LDS Stay-at-Home Moms: Punished for Doing It "Right"?
Exploring The Costs of Patriarchy & What To Do Instead
“No, 1Brittany, you aren’t a bad mom because you hate being a mom. You were simply told this was who you’re supposed to be, and it’s a lot harder than anyone lets on. You’re not the problem here,” I told my client.
Brittany was a young LDS mom who came into my office one crisp winter morning hoping to get help with her “anger issues,” as she called them. Over the next several months, what we uncovered was that several years ago, Brittany had dropped out of college to get married so she could support her husband’s schooling. When she got pregnant and began having children, she stopped working because “that’s what we’d been commanded to do. Have kids and be a stay-at-home mom (SAHM),” she said.
The problem, wasn’t Brittany’s anger. It was the many choices that she’d made that weren’t actually hers. In a high control religion like Mormonism, there is a tiny template to follow and a power hierarchy in which women must fit.
Brittany’s anger was valid.
Her whole life was a pipeline into motherhood. Her power deferred to the priesthood leaders and their “words from God.”
This is not a rare sighting, whether in my office, among family and friends, coworkers or acquaintances. Women are finding themselves, not just emotionally and physically disadvantaged, but economically too.
Recently, The Salt Lake Tribune published an article titled, “How obeying LDS Church teachings can leave some women in poverty.” It shines a harsh light on the economic fallout that many divorced LDS women in particular face after doing exactly what they were taught to do: stay home, raise children, and support their husbands.
They followed the rules—and now they’re left at the bottom, economically, emotionally and socially, in a society that values wealth and independence.
Dr. Susan Madsen—a professor, business leader, and researcher at Utah State University—whose work focuses on gender inequality and sexism in Utah, has spent years researching women’s experiences in both religious and business settings. She’s quoted stating:
“For years, the faith's leaders taught that mothers should stay home with their children. These women did just that, and paid a steep price when they entered the workforce.”

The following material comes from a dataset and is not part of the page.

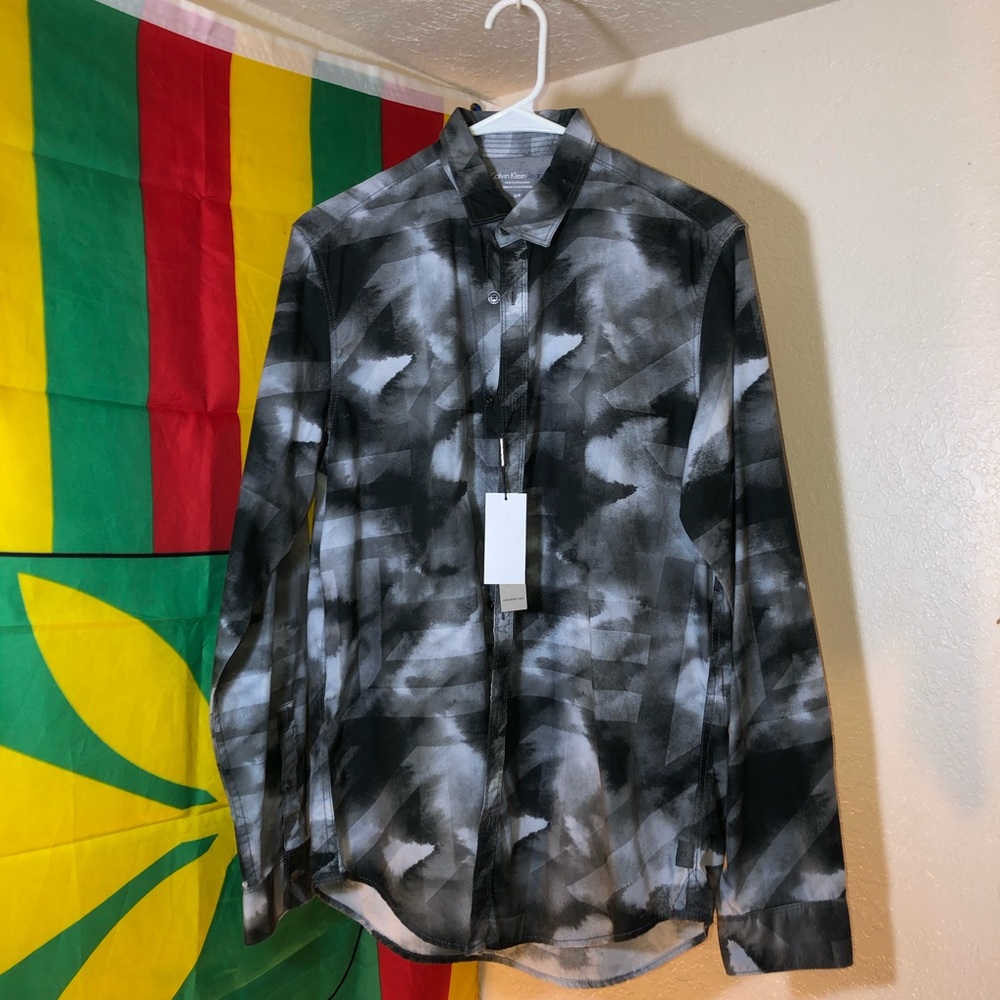 CALVIN KLEIN LONG SLEEVE BUTTON DOWN SHIRT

Imagine paying the steep price of admission into LDS Motherhood, only to pay a steeper one when your happily ever after disappears.
In the LDS faith, we are instructed that a girl’s ultimate purpose is to marry and become a mother. The framing isn’t really a choice—it’s a given.

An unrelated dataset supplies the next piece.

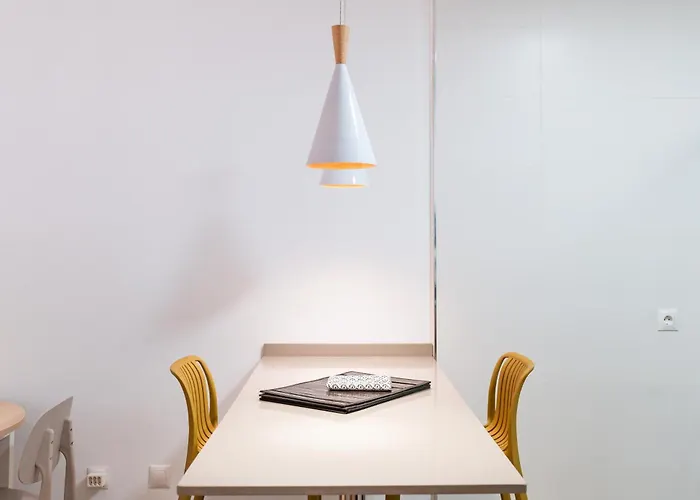 Lägenhet 1 Bedroom 85 Mts To *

Raised on a steady diet of homemaking lessons, firesides about the “right kind of man” to marry, and even wedding dress nights where young girls would parade around in gowns like a pre-marital dress rehearsal, the focus was always on temple marriage—not just to be sealed to your husband for eternity, but so your children would be “born under the covenant.”
Sure, we were also told to “get an education,” but the subtext was clear: ‘Just in case you need something to fall back on.’ A safety net. Not the path.

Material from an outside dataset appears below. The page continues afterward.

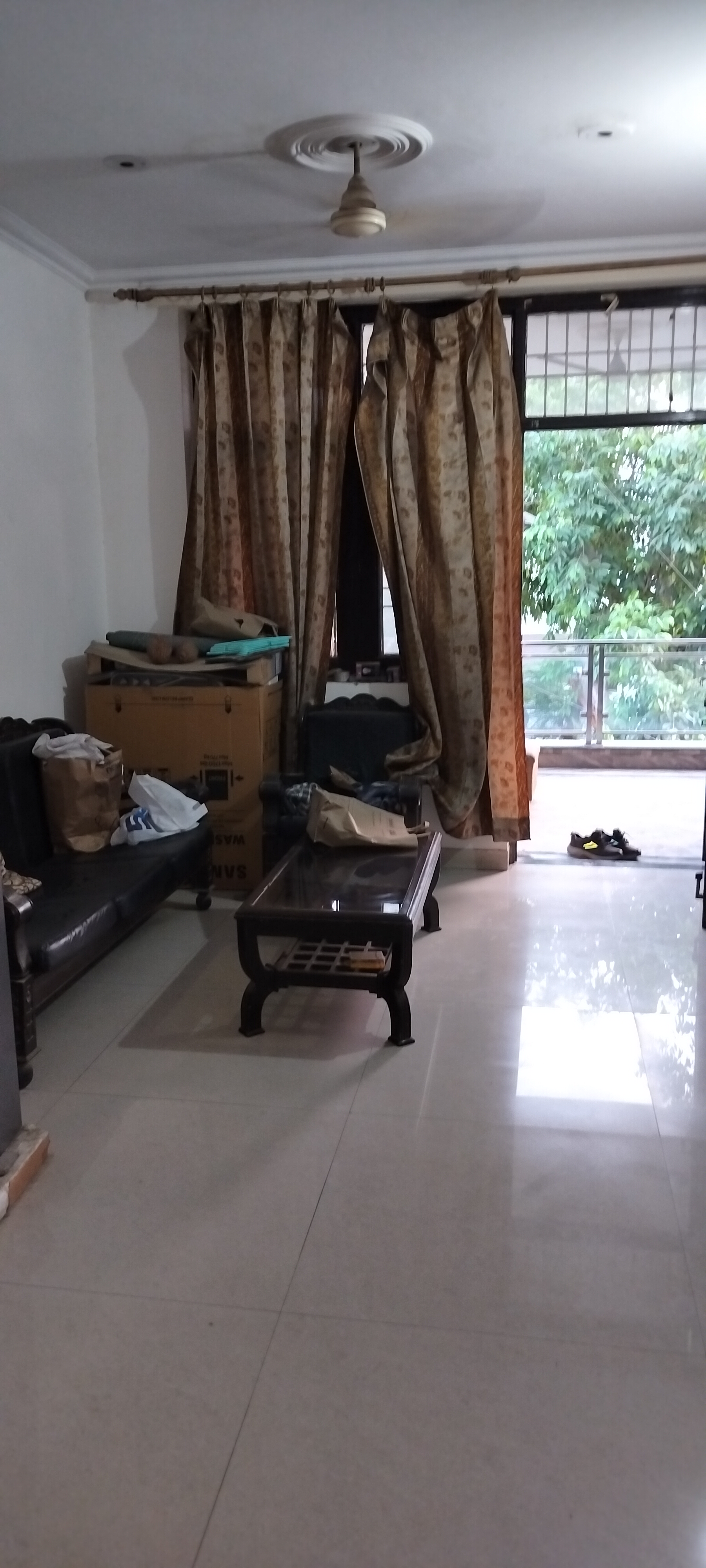 2 BHK 1200 Sq.Ft. Independent House in RWA Apartments Sector 19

What wasn’t taught? The true costs of choosing to stay home. That degree you earned and never used does little at 40 when you’ve been out of the workforce for two decades. (Learn more about the motherhood penalty here.)
Once again, women may find themselves entering another hierarchical arena—this time, the workplace. These women are often dismissed and underpaid, not because they lack skills, but because of the lost years of a career outside the home.
Utah ranks dead last in the nation for gender pay equity. And that’s no coincidence. The cultural pressure for women to stay home leads many to re-enter the workforce in part-time or low-wage jobs, often out of necessity rather than ambition.
I remember being a young active LDS wife observing my husband’s workplace, noticing how few women were there, and thinking, Well, of course the men should earn more. They have families to support!
Not proud of that thought—but it shows how deeply internalized the LDS Church’s patriarchal messaging is. Women are taught to shrink, to defer, to uplift the men around them because they hold the holy priesthood. That same minimization follows women right into the workplace.
It’s not merely men who see women as less capable—women believe it too.
So what happens when you’ve done everything the Church told you to do, and your husband leaves?
Now you’re a single mother, still carrying the emotional labor of raising children, but also forced into the job market. And you’re starting from scratch—at the very bottom. In Utah, that bottom is even lower if you’re a woman.
The question I keep asking is: Why do women keep supporting a system that consistently ranks them beneath men?
The answer lies in identity. For many LDS women, their worth is intertwined with their role as a stay-at-home mom—the fulfillment of their divine purpose. Challenging that system isn’t just about questioning the Church, it’s about questioning who they’ve been told they are.
But here’s what I’ve seen: women aren’t lacking. Many of us go back to school (I did), and we become some of the most driven, focused students you’ll find. Many start working and realize:
I’ve been managing, organizing, leading, planning, and creating my whole life—I just wasn’t recognized or compensated for it.
As more women wake up to the harms of patriarchy, we’re left grappling with how to exist in a system we didn’t design—but were covertly shaped by. That reckoning is a big reason so many women are walking away from organized religion.
Even as we leave, we are not exempt from its consequences. Many of us will still end up like that single mom with five kids, making $10-12/hour at Walmart.
So how do we fight back?
Patriarchy clearly doesn’t help women—but women can help each other. That’s where our power is. It’s time to reclaim our maternal warmth and collective strength to build communities of care and mutual support.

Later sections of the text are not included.